`range between` seems to not support `lag()`
Cross posted at Stack Overflow.
I want to get the previous value using lag(), over a partition defined with RANGE BETWEEN. I followed an example from the documentation:
WITH orders (custkey, orderdate, totalprice)
AS
(
VALUES
('cust_1', DATE '2020-10-10', 100),
('cust_2', DATE '2020-10-10', 15),
('cust_1', DATE '2020-10-15', 200),
('cust_1', DATE '2020-10-16', 240),
('cust_2', DATE '2020-12-20', 25),
('cust_1', DATE '2020-12-25', 140),
('cust_2', DATE '2021-01-01', 5)
)
SELECT *,
avg(totalprice) OVER (
PARTITION BY custkey
ORDER BY orderdate
RANGE BETWEEN INTERVAL '1' MONTH PRECEDING AND CURRENT ROW) AS past_month_avg,
lag(totalprice) OVER ( PARTITION BY custkey
ORDER BY orderdate
RANGE BETWEEN INTERVAL '1' MONTH PRECEDING AND CURRENT ROW) AS previous_total_price_within_last_month
FROM orders
It returns:
| custkey | orderdate | totalprice | past_month_avg | previous_total_price_within_last_month |
|---|---|---|---|---|
| cust_2 | 2020-10-10 | 15 | 15.0 | NULL |
| cust_2 | 2020-12-20 | 25 | 25.0 | 15 |
| cust_2 | 2021-01-01 | 5 | 15.0 | 25 |
| cust_1 | 2020-10-10 | 100 | 100.0 | NULL |
| cust_1 | 2020-10-15 | 200 | 150.0 | 100 |
| cust_1 | 2020-10-16 | 240 | 180.0 | 200 |
| cust_1 | 2020-12-25 | 140 | 140.0 | 240 |
The problem: while the calculation for past_month_avg results as expected, the previous_total_price_within_last_month result is not as expected.
Expected Output
Given that I defined a window that ranges at the last month, I expect that lag() will return null if the "previous" totalprice value is associated with an orderdate value that is out of the 1-month-back window.

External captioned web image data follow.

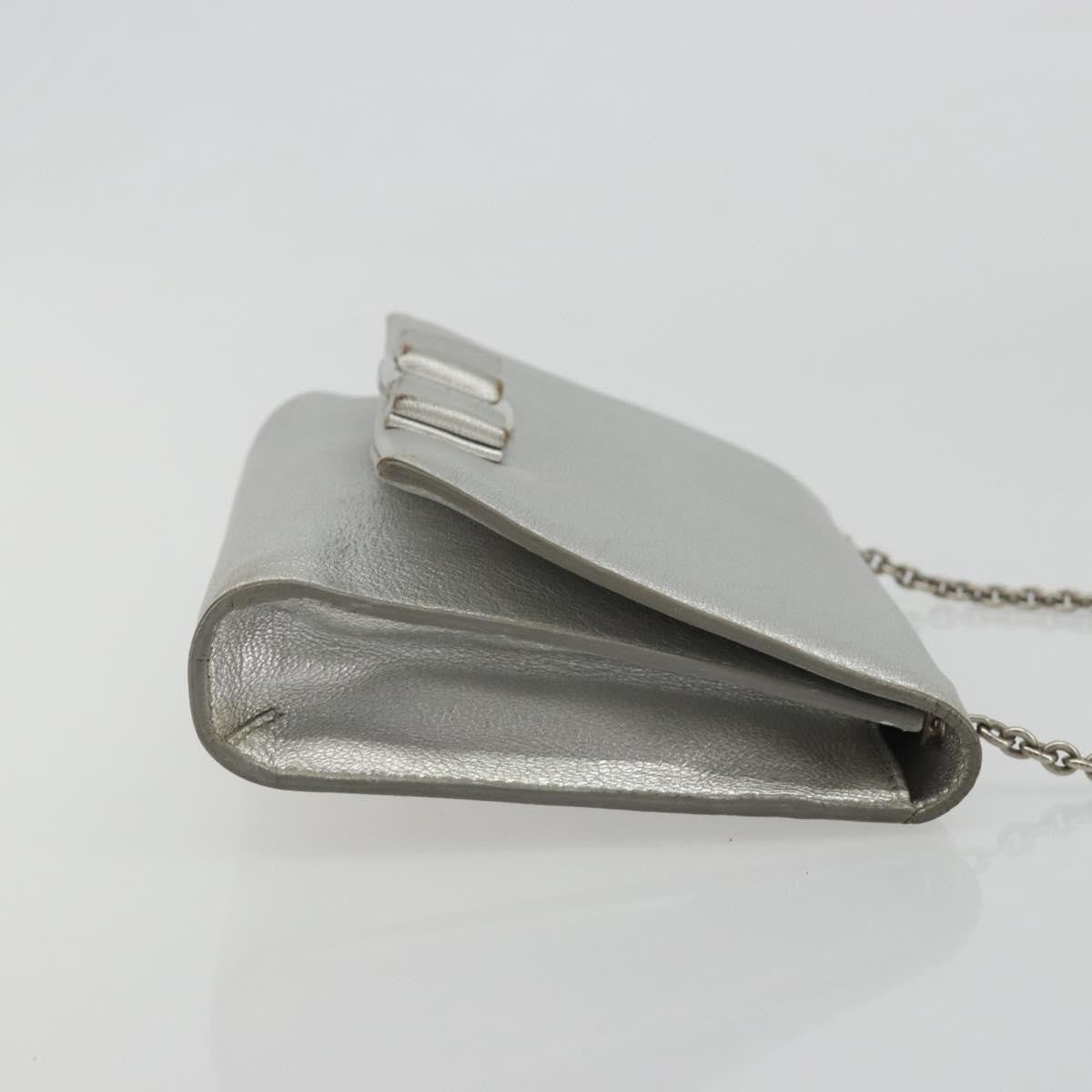 Salvatore Ferragamo Vara Chain Flap Leather Silver Leather Shoulder Bag Bag (Pre-Owned)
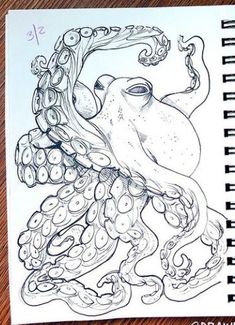 a drawing of an octopus with tentacles on it's back and head in the air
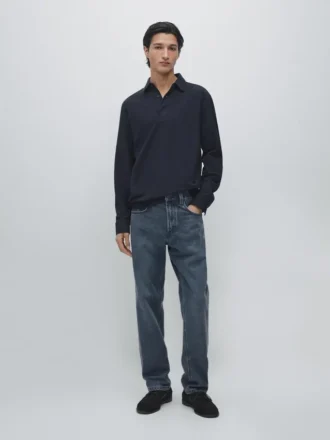 Strukturiertes Piqué-Poloshirt mit langen Ärmeln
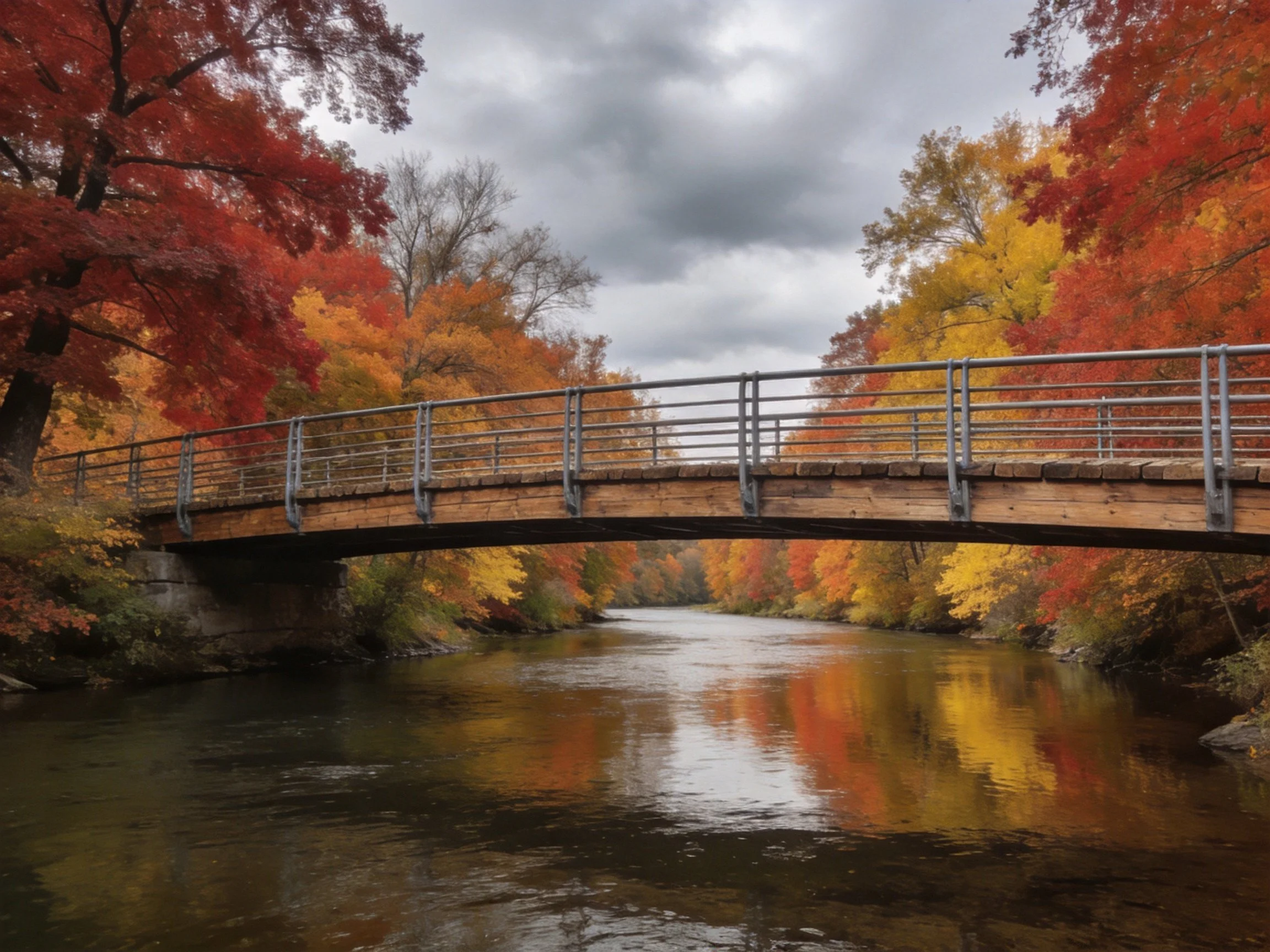 A wooden bridge spans a vibrant fall landscape over a calm river
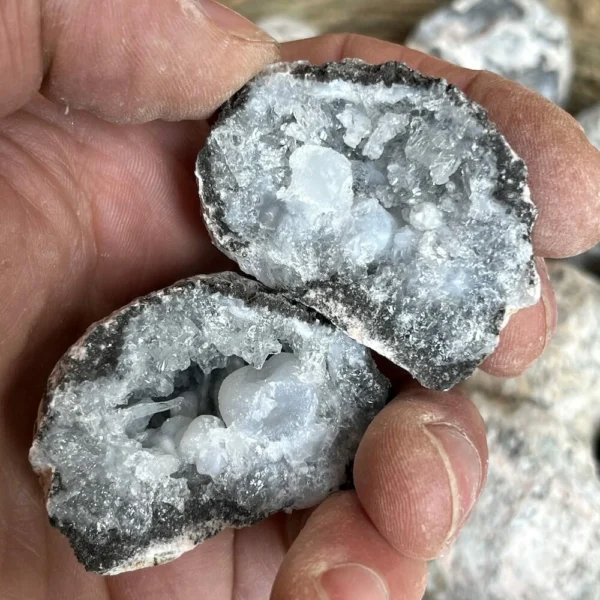Fraaie chalcedoon geode op verzoek gekraakt van 5-6cm lang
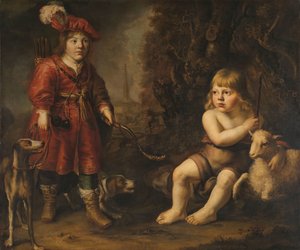 Portretter av to gutter i et landskap, den ene kledd som en jeger, den andre St som døperen Johannes av Douwe Juwes de Dowe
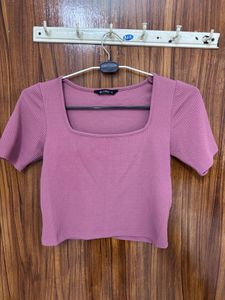Ribbed Square Neck Crop Top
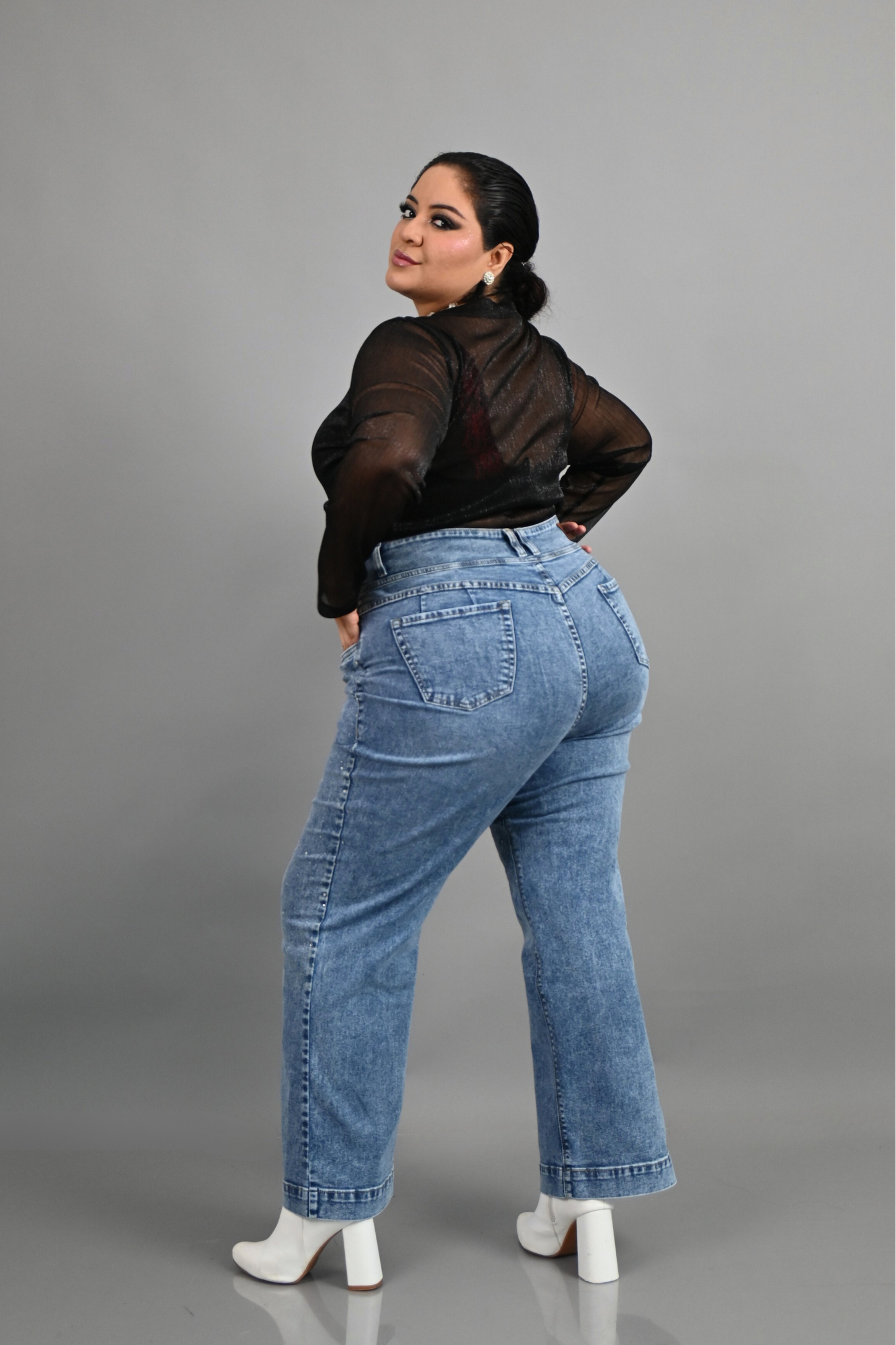 Wide Leg Luna Strass Cenizo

| custkey | orderdate | totalprice | past_month_avg | previous_total_price_within_last_month |
|---|---|---|---|---|
| cust_2 | 2020-10-10 | 15 | 15.0 | NULL |
| cust_2 | 2020-12-20 | 25 | 25.0 | NULL* |
| cust_2 | 2021-01-01 | 5 | 15.0 | 25 |
| cust_1 | 2020-10-10 | 100 | 100.0 | NULL |
| cust_1 | 2020-10-15 | 200 | 150.0 | 100 |
| cust_1 | 2020-10-16 | 240 | 180.0 | 200 |
| cust_1 | 2020-12-25 | 140 | 140.0 | NULL* |
*expected value
Does ranges between not support lag(), or is my example actually demonstrating the expected behavior?
For functions such as lead and lag, the window frame is not supported. Per the SQL specification:
5) If <ntile function>, <lead or lag function>, <rank function type> or ROW_NUMBER
is specified, then:
a) ...
b) The window framing clause of WDX shall not be present.
The invocation should fail if the window frame is present. Currently, it's being ignored. That's a bug.
@emmansh which version of Trino are you running?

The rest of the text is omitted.